Вольфганг начал спускаться вниз, желая встретить нужных ему людей — Анну и Эльвиру. В сухой и новой одежде он смог бесшумно передвигаться по замку, не издавая отвратительных и неприличных хлюпающих звуков при ходьбе. Вскоре он добрался до библиотеки. Вольфганг подошел к двери и, как ожидал, услышал за ней знакомые голоса.

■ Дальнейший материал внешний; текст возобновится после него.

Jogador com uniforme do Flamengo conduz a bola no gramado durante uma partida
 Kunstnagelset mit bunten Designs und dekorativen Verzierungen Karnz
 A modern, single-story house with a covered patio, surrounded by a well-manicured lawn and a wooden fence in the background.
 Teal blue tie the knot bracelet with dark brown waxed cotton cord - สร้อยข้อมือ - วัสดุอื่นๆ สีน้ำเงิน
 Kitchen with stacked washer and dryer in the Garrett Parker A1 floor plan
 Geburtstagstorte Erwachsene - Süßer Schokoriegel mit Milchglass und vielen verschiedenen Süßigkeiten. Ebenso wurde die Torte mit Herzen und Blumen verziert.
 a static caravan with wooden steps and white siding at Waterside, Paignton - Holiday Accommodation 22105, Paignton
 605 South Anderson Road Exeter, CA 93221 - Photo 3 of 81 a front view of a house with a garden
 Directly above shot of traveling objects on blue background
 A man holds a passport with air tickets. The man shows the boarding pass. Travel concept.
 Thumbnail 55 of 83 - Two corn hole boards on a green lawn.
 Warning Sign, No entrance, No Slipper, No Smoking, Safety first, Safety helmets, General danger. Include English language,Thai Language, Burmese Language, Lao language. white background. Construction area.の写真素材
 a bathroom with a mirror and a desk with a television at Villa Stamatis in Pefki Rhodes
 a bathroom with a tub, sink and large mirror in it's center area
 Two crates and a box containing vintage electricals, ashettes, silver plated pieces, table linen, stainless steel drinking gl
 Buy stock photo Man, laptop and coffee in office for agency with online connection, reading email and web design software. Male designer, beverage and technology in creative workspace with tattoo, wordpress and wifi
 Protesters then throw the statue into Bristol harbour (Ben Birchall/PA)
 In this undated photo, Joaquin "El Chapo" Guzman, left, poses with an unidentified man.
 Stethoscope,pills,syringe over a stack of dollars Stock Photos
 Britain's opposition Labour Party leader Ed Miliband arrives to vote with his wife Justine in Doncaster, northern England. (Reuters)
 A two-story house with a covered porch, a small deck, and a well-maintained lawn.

Он приоткрыл большие двери и увидел, как на диване располагались девушки. Анна и Эльвира увлечённо читали книги, попутно что-то обсуждая между собой. Их освещал мягкий свет, исходящий от камина, из открытой двери потянул горячий воздух, позволяющий юноше хоть ненадолго согреться. Поток казался каким-то душным, зловещим, но девушкам внутри это никак не мешало, им, казалось бы, от этого было только лучше.

Вольф смотрел на маленькую девочку, что радостно тыкала пальцем в книгу и о чем-то активно говорила с Эльвирой. Он смотрел на лицо Анны и не мог представить на нём горе от потери брата, не хотел его представлять, не хотел его видеть.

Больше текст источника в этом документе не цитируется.